Victor Wembanyama, a projected first-round NBA draft pick, stands on the warning track after throwing the ceremonial first pitch before a baseball game between the New York Yankees and the Seattle Mariners, Tuesday, June 20, 2023, in New York. (AP Photo/John Minchillo)

NEW YORK (AP) — Victor Wembanyama walked into his first NBA news conference Wednesday morning, took his seat and looked out at a maze of cameras and microphones that have been awaiting him for years.

And then he smiled.

“What’s up, everyone?” the French teen said.

Seeming poised and completely ready for what awaits him, Wembanyama’s NBA chapter is now underway. The NBA draft — one that Wembanyama’s towering shadow has hung over for months, blocking much of what is usually part of the process — is Thursday night, and he’ll be selected No. 1 overall by the San Antonio Spurs.

“Ever since I knew about the draft, exactly how it worked, I wanted to be first,” Wembanyama said Wednesday. “I think I started to realize I could be a professional basketball player at the age of 12. Tomorrow, something’s going to happen, something that I’ve been thinking (about) for years and years, I can’t really describe how I feel right now. I just know I’m going to have trouble sleeping tonight, for sure.”

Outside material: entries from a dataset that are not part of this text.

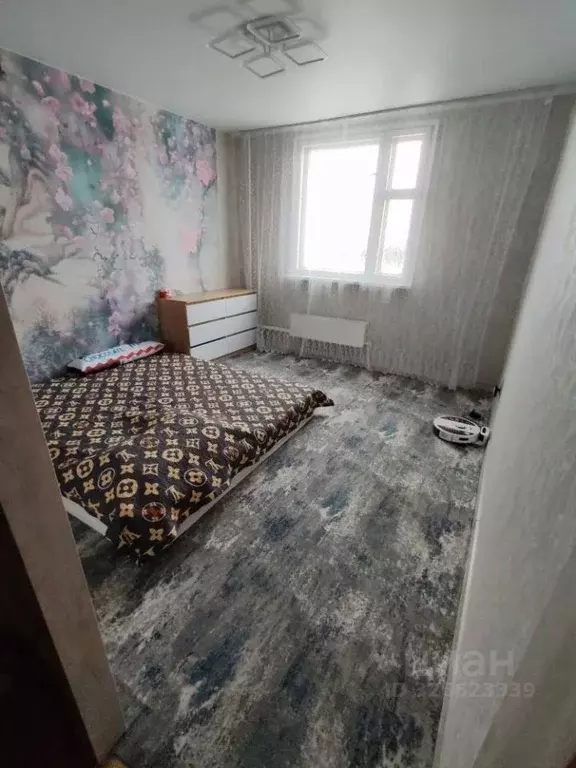 1-к кв. Самарская область, Тольятти Шлюзовой мкр, ул. ... - Фото 1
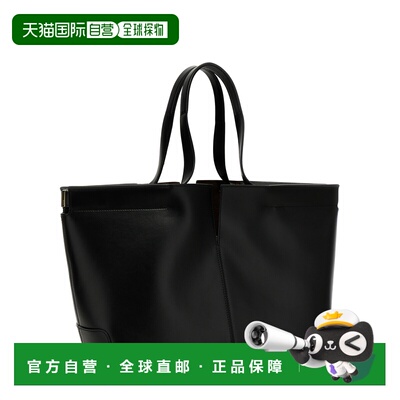 1h可退 香港直邮TOD'S 女士斜挎包 XBWDBMA0250RORB999 AW2025 黑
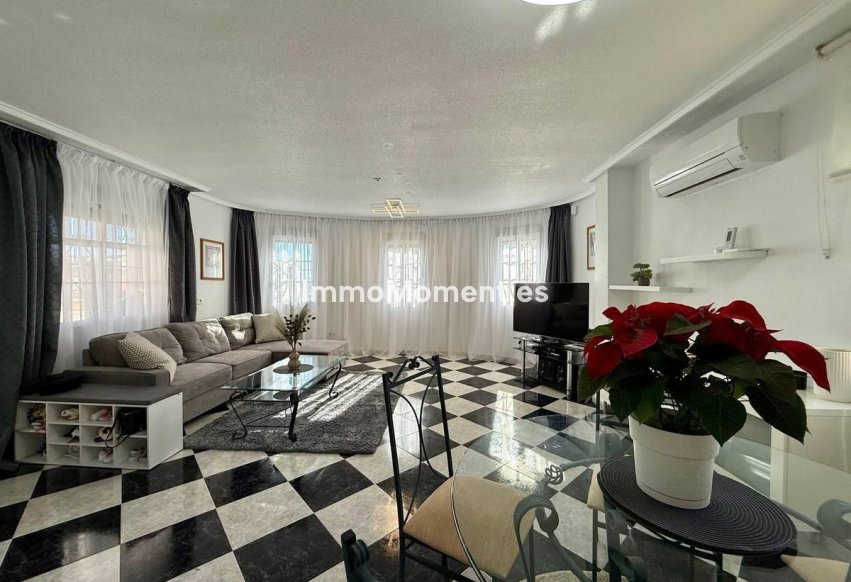 Bestaande woning - Villa - Orihuela - Orihuela Costa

There has been no debate about who the Spurs should take with the No. 1 pick, no discussion of which player might be a better fit, no real attempts to raise any red flags about the presumed selection.

When a player like Wembanyama comes along — and maybe none ever has — there’s no real reason to drum up any drama. The Spurs are not going to pass up someone who is listed at 7-foot-4 but has the skills of a player much smaller.

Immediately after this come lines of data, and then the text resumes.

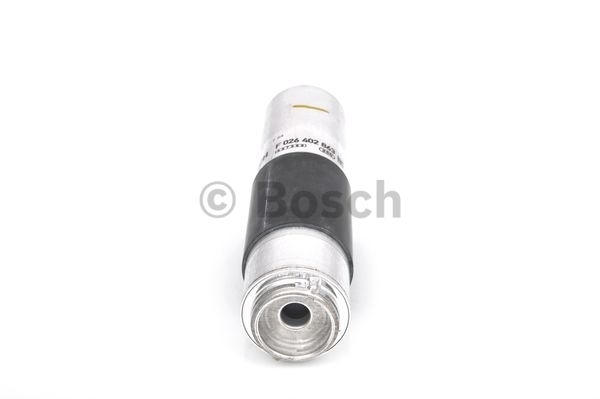 BOSCH Kraftstofffilter F 026 402 863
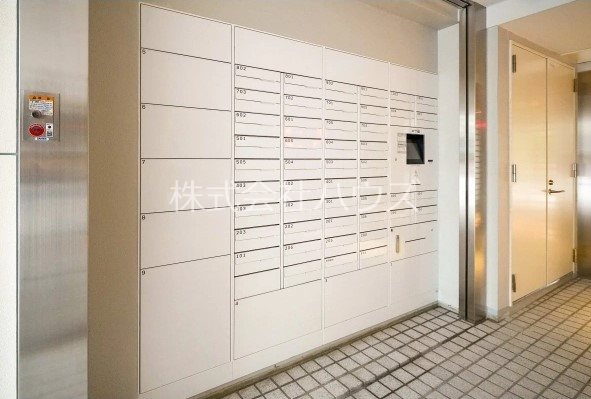アトラス白金台レジデンス その他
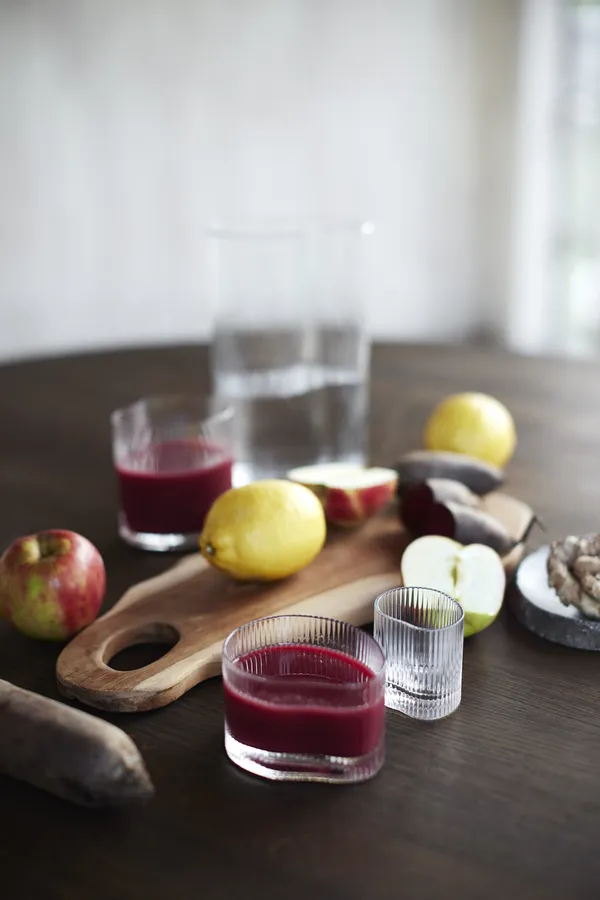 Ripe Glas Lav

The decision is certain, but not official until Commissioner Adam Silver says Wembanyama’s name Thursday night. And Wembanyama playfully corrected a reporter in New York on Wednesday who welcomed him to San Antonio.

“Not there yet,” Wembanyama said. “But thank you.”

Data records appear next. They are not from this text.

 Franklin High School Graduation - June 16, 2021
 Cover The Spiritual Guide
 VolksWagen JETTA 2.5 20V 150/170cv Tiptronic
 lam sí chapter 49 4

The 19-year-old from France has been called the best prospect since LeBron James came out of high school 20 years ago, perhaps with some physical gifts that even the NBA’s career scoring leader didn’t possess.

Expectations from the outside world are sky-high. Wembanyama insists that won’t bother him.

“I don’t let all this stuff get into my head,” Wembanyama said. “I’ve got such high expectations for myself that I’m immune to all this stuff. I really don’t care.”

He arrived Monday in the New York area, surprised that some fans were waiting for him when he landed at Newark Liberty International Airport. On Tuesday, there was his first subway ride — even hopping a turnstile as he exited, though the police who were flanking him didn’t complain — and a trip to Yankee Stadium to throw out the ceremonial first pitch; it was well out of the strike zone. And on Wednesday morning, before his NBA duties began, he had a weightlifting workout with a coach.

He has been a big kid in a grown-up world. He signs autographs with a smile, pokes fun at himself, doesn’t mind that everyone tends to stare at someone of his height.

“Crazy,” he said of that first subway ride, with New Yorkers all around him.

Let the craziness begin. Silver will call his name Thursday night, shake his hand, and before too long Wembanyama will be on a plane for San Antonio to start the first chapter of his NBA life. Wembanyama said he will play in Summer League that starts in early July, though it remains unclear if he’ll be participating with the Spurs in the Sacramento summer league, the primary NBA Summer League in Las Vegas, or both.